Heat put on response to distress calls

Kate Bastians
The West Australian Updated August 14, 2012, 2:44 am

A boat with 65 asylum seekers believed to have sunk six weeks ago was one of three to go missing without trace on the way to Australia in the past three years.

The report by the asylum-seeker expert panel said more than 100 Hazara asylum seekers were presumed drowned when their boat went missing in October 2009 and 97 Iraqis on a boat lost in November 2010.

It said about 964 asylum seekers on 12 boats either died or were presumed drowned in incidents between October 2001 and June.

But the death toll is closer to 1030 given the panel's chief Angus Houston acknowledged the 65 who disappeared after their boat left Indonesia on June 28, as revealed in _The Weekend West _, were not in the report's count.

Author and former Australian ambassador Tony Kevin highlights the losses in his new book Reluctant Rescuers, in which he criticises Customs and Border Protection for its "tardy and inefficient responses" to the boats.

Citing answers to questions at a Senate estimates committee, Kevin wrote about how it took customs officials 3? hours to begin a search after they learnt that a boat which left Indonesia on October 2, 2009, was in distress.

The log revealed that Customs had information from the Australian Embassy in Jakarta about noon "that the vessel was 100km from Christmas Island and taking on water". But Customs did not pass on the co-ordinates to search agency the Australian Maritime Safety Authority until 3.33pm.
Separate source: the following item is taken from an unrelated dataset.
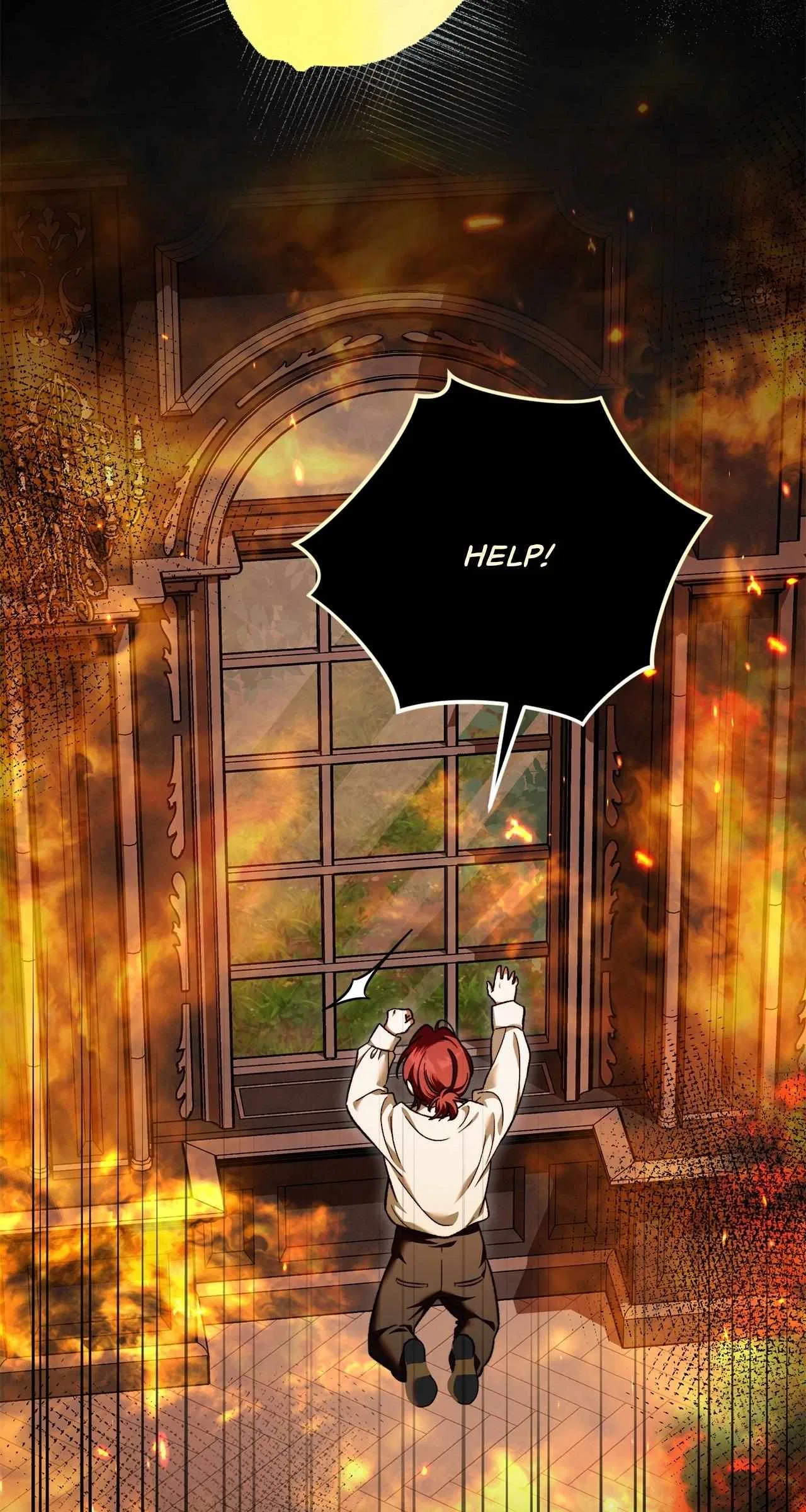 All for My Dearest Juliet Chapter 84 – Page 2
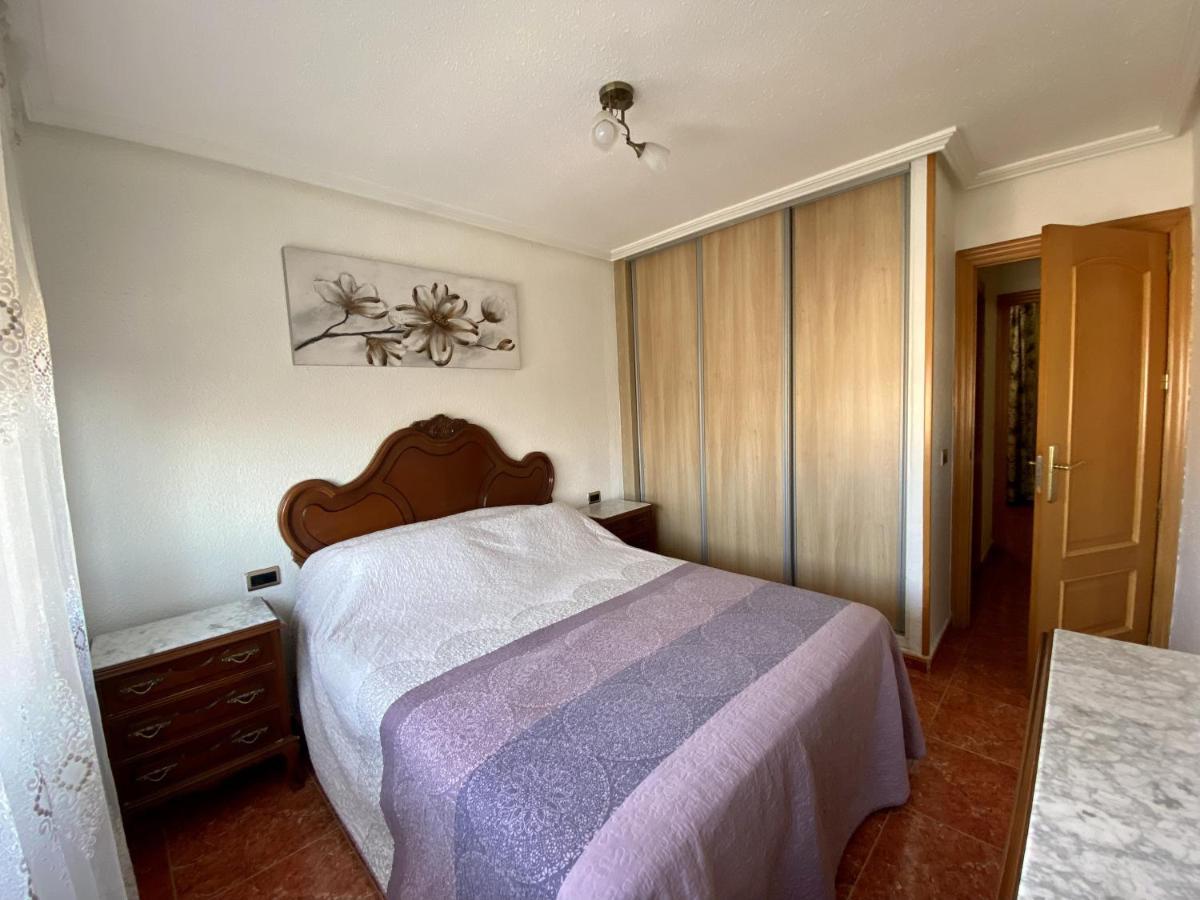Welcome Alicante Exterior photo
Documents Fairfax journalist Natalie O'Brien uncovered show that when the Indonesian navy reached the site three hours later, nothing was found.

Kevin also wrote about Federal Government unwillingness to disclose what it knew about the boat.

A Customs and Border Protection spokesman refused to say whether authorities were aware of, or made any contact with, the latest boat to go missing and stressed authorities did not "recklessly and wilfully endanger the lives of those in peril on the sea".

Refugee advocates have renewed calls for an inquiry into Customs' responses to boats, including one which capsized on June 21, claiming 90 lives. The Maritime Safety Authority took a distress call from the boat two days earlier but directed it to return to Indonesia.